A Trump win in the 2024 presidential election is viewed by some in Adams’ camp as potential path to legal victory for the mayor against an unprecedented federal indictment, sources close to the case told The Post.
The insiders’ hopes are that Trump would quickly replace Attorney General Merrick Garland with a pick who could scuttle the case against Adams, sources close to the case told The Post.
“Any adult will see this is a bulls–t case, so a new attorney general will help,” a source with direct knowledge of Adams’ legal strategy said.
“I don’t think it is far-fetched to say a Trump win could help Adams.”
The scenario envisioned by Adams’ defenders hinges on Trump — or at least his appointee to head the Department of Justice — seeing parallels between the legal woes of the mayor and the former president.
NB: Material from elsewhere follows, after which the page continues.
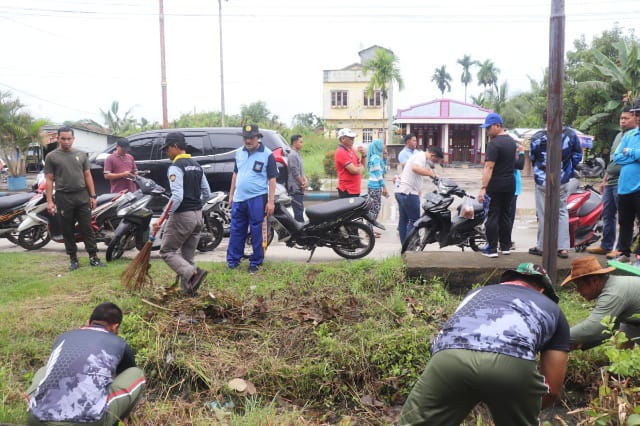 Bersama Forkopimda, Dandim 0419/Tanjab Tinjau Gotong Royong Di Kampung Kerukunan Umat Beragama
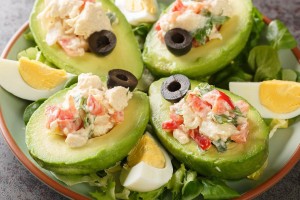
Palta Reina 
Creamy avocado halves filled with tangy chicken salad.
And the Democrat Adams and Republican Trump aren’t quite the strange political bedfellows they may seem.
After Adams was indicted on bribery and corruption charges from Garland’s DOJ, Trump claimed he predicted the mayor would face federal charges for speaking out on migrants and, implicitly, against President Biden.
“And I said, ‘You know what? He’ll be indicted within a year,’” Trump said.
Adams, who has pleaded not guilty to all five counts he faces, likewise insinuated without evidence that his stance on the migrant crisis made him a target of a vengeful federal government.
The mayor has publicly supported Vice President Kamala Harris in the election, endorsing her when Biden stepped down as the nominee in July, before Adams was indicted.
But Adams has coyly suggested that he’d “welcome” Trump’s support.
“I welcome support from every American,” Adams said. “No matter where they are and who they are.”
Adams has also lawyered up behind-the-scenes with Trump-linked attorneys.
Conservative attorney John Bash — one of Trump’s White House legal advisers whom the former president picked in 2017 to serve as US Attorney for the Western District of Texas — is helping Adams combat his federal charges in Manhattan, court records show.
He works with Adams’ lead attorney Alex Spiro at Quinn Emanuel.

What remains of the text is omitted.